Pretty good day today. No Jersey Devil (NJD) and I hit the water at Jim's at about 7 AM. We worked the area around Jim's for some trout but it wasn't really on for us (though we heard it turned on later). We made the long run through the Xs and out to the main river and tried around the power plant area and got some big white trout, a few specks, and a pickerel and a couple of rat reds. We said to heck with it and decided to just do some bass fishing since it was warming up nicely. We worked a lot of areas with grass and ended up with 21 bass in the boat, all near grass, and all on either chartreuse shallow diving crankbaits or chartreuse spinnerbaits. I got one bite on a trick worm, near some wood, but missed him. We had probably 6 fish get off before we got them in the boat and missed 4-5 hard bites for some reason. None of the fish were huge, but we had many of keeper size. One weird thing, regardless of species, almost every fish today was caught on the back hook of the crankbait. Weird. Go figure.


----------



## CatHunter (Dec 31, 2008)

We went bluegill fishing this morning after gathering a few nice ones we headed up to (mystic springs landing, Escambia river) to try and get some Flats we fished from 5pm-11pm with 0 bites:thumbdown: And we had some awesome baits and spots picked out must be the cold front.
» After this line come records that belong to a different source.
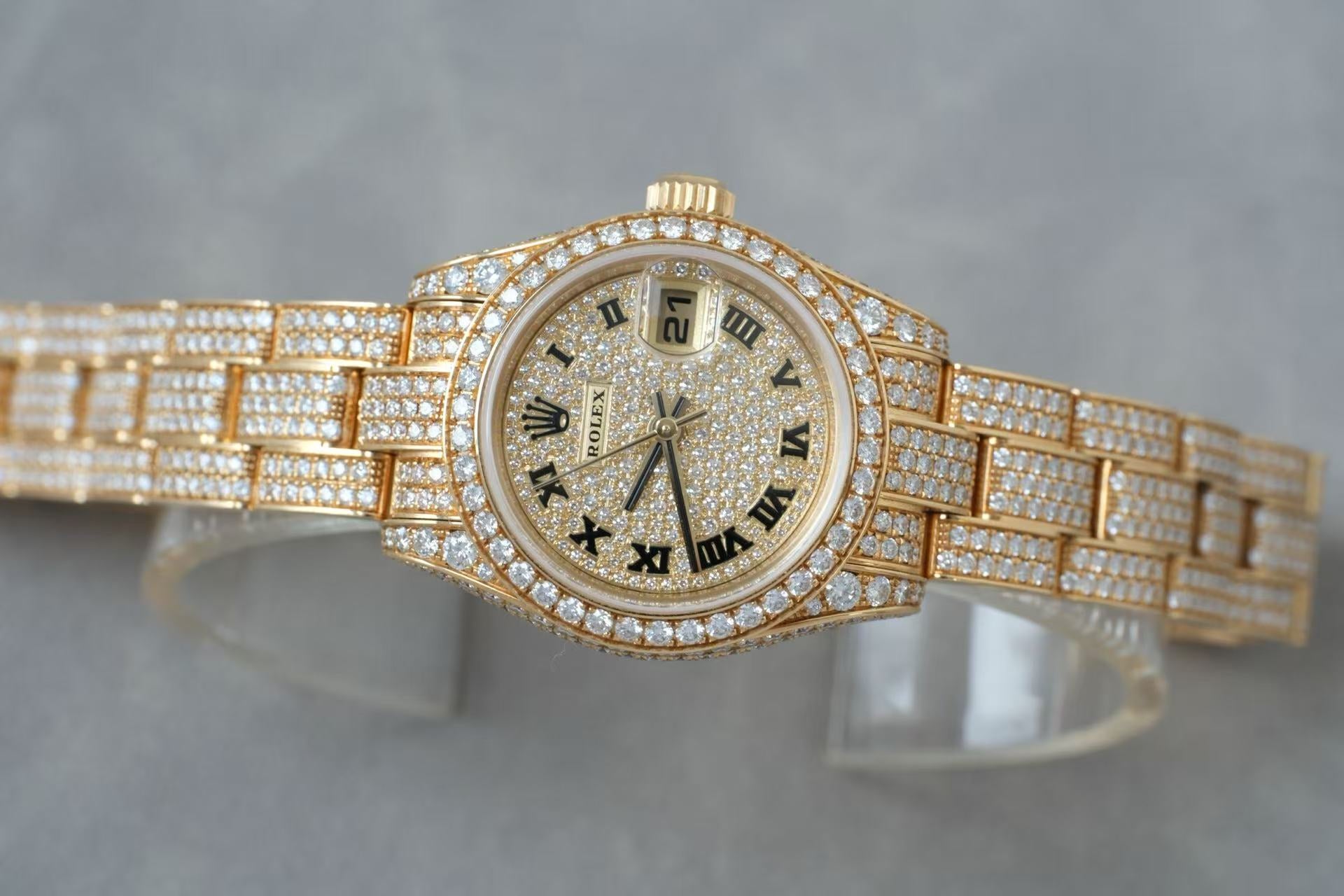 ✦ Rolex Women's Datejust 26mm 18K Gold Diamond-Studded Watch, Original Fully Diamond-Studded, 179458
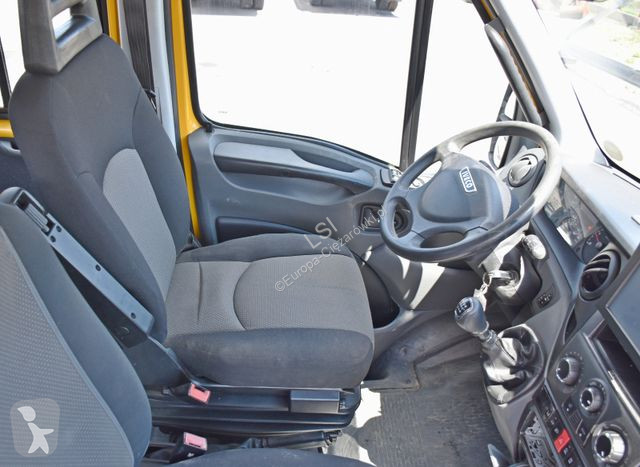 Veículo utilitário Iveco DAILY 70C17...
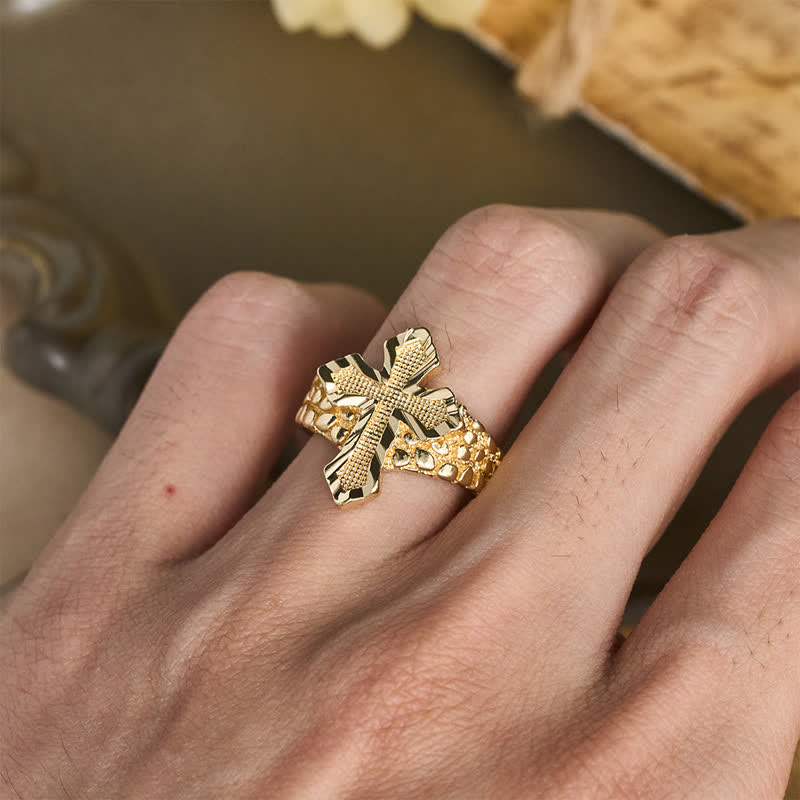 Christianartworkshop Ring aus Edelstahl mit gehämmertem Kreuz: Zeichen göttlichen Schutzes - image 1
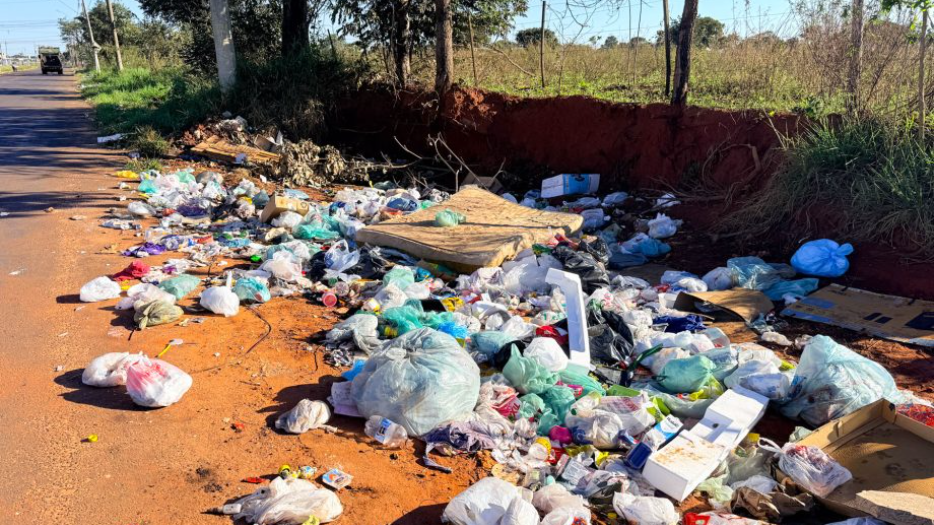 Prefeitura intensifica limpeza e conscientização no Bairro Novo Oeste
I watched the water go from 58 to 56 in three hours..

Hey at-least we did fish the very first day of the year, props to every one who went today:thumbsup:


----------



## nojerseydevil (Jan 23, 2009)

Best bass fun in a long time. We even got a double catch at the same time. Hope to do it again soon. 

NJD


----------



## auguy7777 (Feb 23, 2009)

Good job guys. We were out there Saturday of last week and could only get bream/warmouth to bite. Bass weren't biting, but we weren't in any grass either.


----------



## nojerseydevil (Jan 23, 2009)

The weather was good at first and then went bad and then great. The wind played a big factor. We found the moving water with some wind with it and it was on. We even had a double Bass catch at the same time. 

NJD


----------



## Spectre Gunner (Sep 6, 2010)

Not a bad day AP.


----------